British jihadists who travel abroad to fight could be prevented from returning under new powers outlined by the PM.
David Cameron said the special exclusion orders - which could last for two years or more - would bar suspected fighters from entering the UK unless they agreed to strict controls.
Officials would also have the power to stop would-be jihadists leaving the UK, the BBC reported.
Critics have questioned the legality of the measures, while Labour said more should be done to stop radicalisation.
Mr Cameron, who is in Australia for the G20 summit, announced the plans in a speech to the country's parliament in Canberra.
The proposals - which were first outlined by the prime minister in September - form part of the Counter-Terrorism Bill, due to be published before the end of the month. Downing Street said it hoped the bill would be law by the end of January.

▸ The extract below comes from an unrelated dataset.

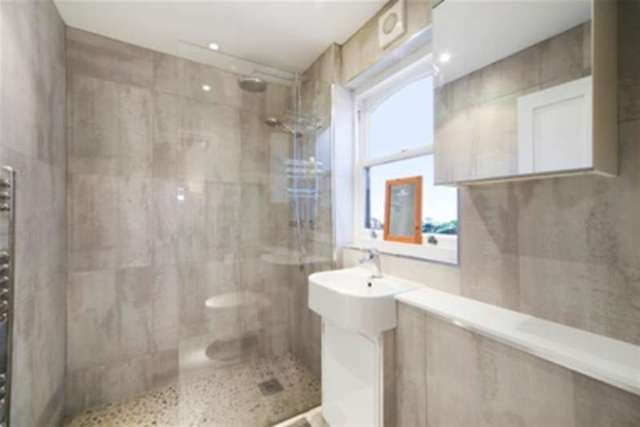 Image of 1 bedroom Flat to rent in Beaufort Street London SW3 at London, SW3 5AQ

Under the Temporary Exclusion Orders, British citizens suspected of fighting with Islamic State (IS) militants would be stopped from re-entering the UK unless they gave themselves up at the border.
Suspects would have their passport cancelled and their name would be added to a "no-fly list" that would prevent them travelling to Britain.
They would only be allowed to return if they agreed to be escorted by the police before facing either prosecution or close supervision under monitoring powers.
The exclusion orders would last for up to two years at a time and could be renewed. Breaches could lead to a prison sentence.
Police and some border officers will also be given the power to seize passports if they have reasonable suspicion that someone is travelling abroad for terror-related activity - including those under the age of 18.
Passports could be held for 30 days, subject to a magistrate's review.
And airlines could be fined if they did not comply with the UK's requirement to screen passengers and stop suspects from boarding planes.